Freeze-Dried Strawberries in Milk Chocolate
Weight: 2 oz. (57 g.) / 5 oz. (142 g.) in total package
Calories: 300 calories in 2 servings
Cost: $3.49 for 1 package
Purchased from: Grocery Outlet Bargain Market, Palo Alto, CA
Welcome to Day #3 of Chocolate and RSTU Theme Week, featuring items with origins and/or flavor inclusions that start with the letters R, S, T and/or U.
It was impossible this week not to include both raspberries and strawberries. Both these berries have a long history of being combined in sublime ways with chocolate.
Today's Freeze-Dried Strawberries in Milk Chocolate were from Crunchies Natural Food Company, LLC (Calabasas, CA). The company offers a variety of freeze-dried fruit and vegetable snacks.
Freeze-dried* fruit pieces and powders have become popular* flavor inclusions for chocolates. They offer bursts of concentrated, authentic fruit flavor and a unique texture.
The resulting pieces/powders are bright and flavorful, but they need to be sealed off from air and moisture to retain their light, airy, crunchy texture. Today's strawberry Crunchies achieved this level of protection in two ways: by being 1.) covered in chocolate, and 2.) stored in a (re-sealable) air-tight pouch. Both measures helped preserve the berry freshness.
These thickly-coated/glazed milk chocolate pieces gave off the aroma of a sweet, strawberry milkshake. The milk chocolate + the concentrated sweetness of the strawberries were on the sweet side, but were tasty nonetheless. The strawberry pieces on the inside retained their tart-sweet berry flavor and naturally bright, rosy red color.
Ingredients: Milk chocolate (sugar, cocoa butter, whole milk chocolate liquor, soy lecithin, vanilla), freeze-dried strawberries, natural flavor, arabic gum, sugar, confectioners glaze.
Allergen-related information: Contains milk, soy. Made on equipment that also processes peanuts, tree nuts, wheat and eggs.
*The Incas (who knew their way around cacao) practiced an early form of freeze-drying at higher altitudes. Food reserves were frozen by cold, dry climate. And at high elevations these frozen items would also have dried out.
Modern freeze drying of foods began over a century ago. Later in the 1900s, pictures of astronauts eating freeze-dried ice cream appeared; and light-weight, freeze-dried food entrees in silver pouches became more widely available for outdoor enthusiasts. For backpackers and climbers with 50+-pound (22.67-kilogram) packs on their backs, this was welcome news. (I still remember (happily) buying those pouches freeze-dried food and ice cream from army surplus/outdoor stores.)

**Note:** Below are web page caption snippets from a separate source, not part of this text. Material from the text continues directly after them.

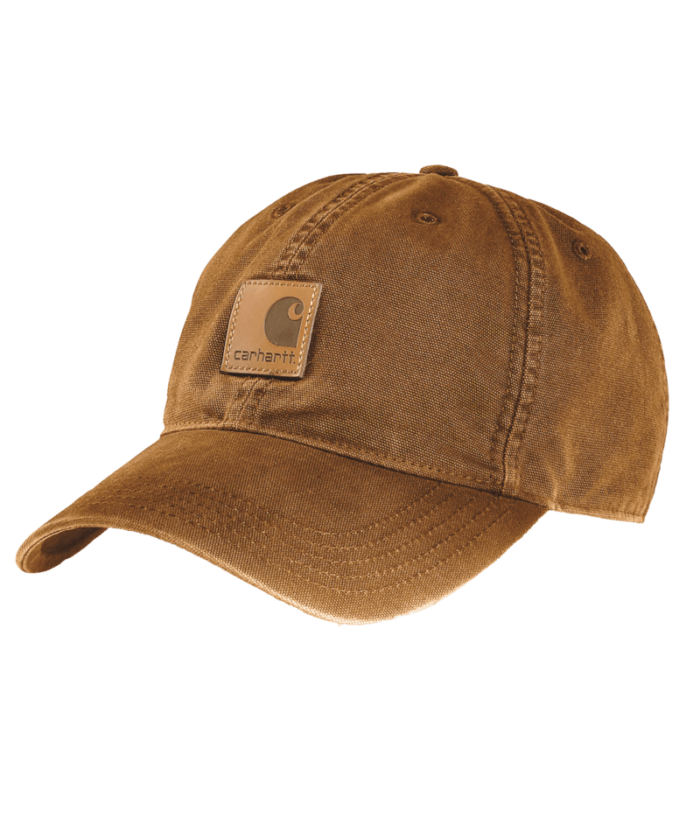 NOKKMÜTS ODESSA CARHARTT FORCE™ - Image 9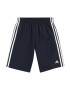 ADIDAS SPORTSWEAR Pantaloni sport 'Essentials 3-Stripes ' albastru închis / alb - Pled.ro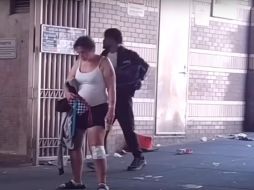 Lamentablemente, lo captado en el barrio de Kensington no es exclusivo de la zona y es que la crisis de opiáceos en Estados Unidos ha alcanzado proporciones catastróficas. ESPECIAL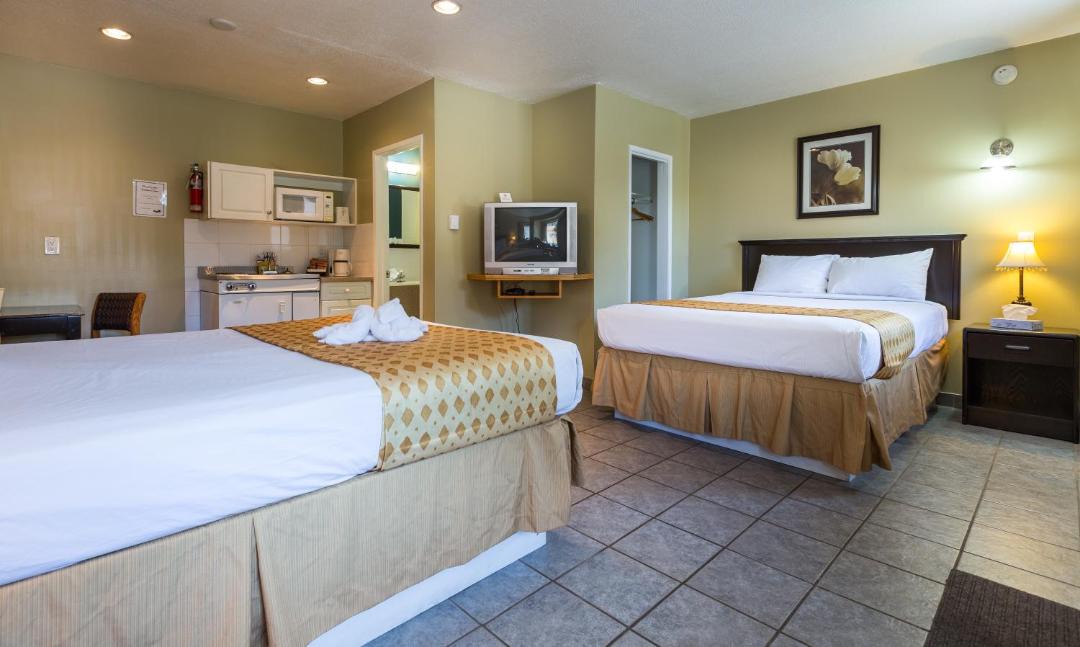 Photo of Bedroom in South Central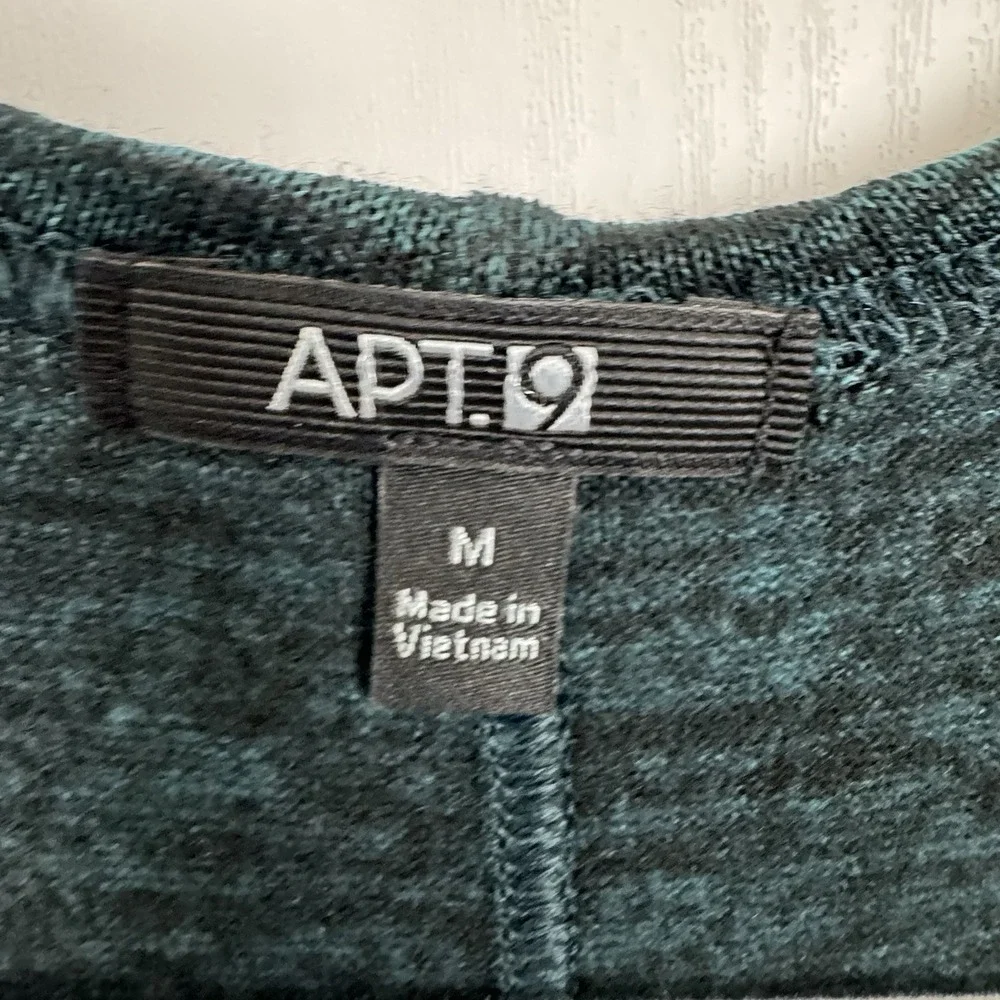 Apt. 9 apt womens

Fast forward to today's high-end examples of freeze-dried culinary items (exotic, sublimated vegetable bits in five-star restaurants; or, closer to home, craft chocolate maker Dick Taylor's first limited edition raspberry bar), and I'm grateful for this medium and to the creative chefs, taste-makers and chocolate makers who have used this technology to bring us great food.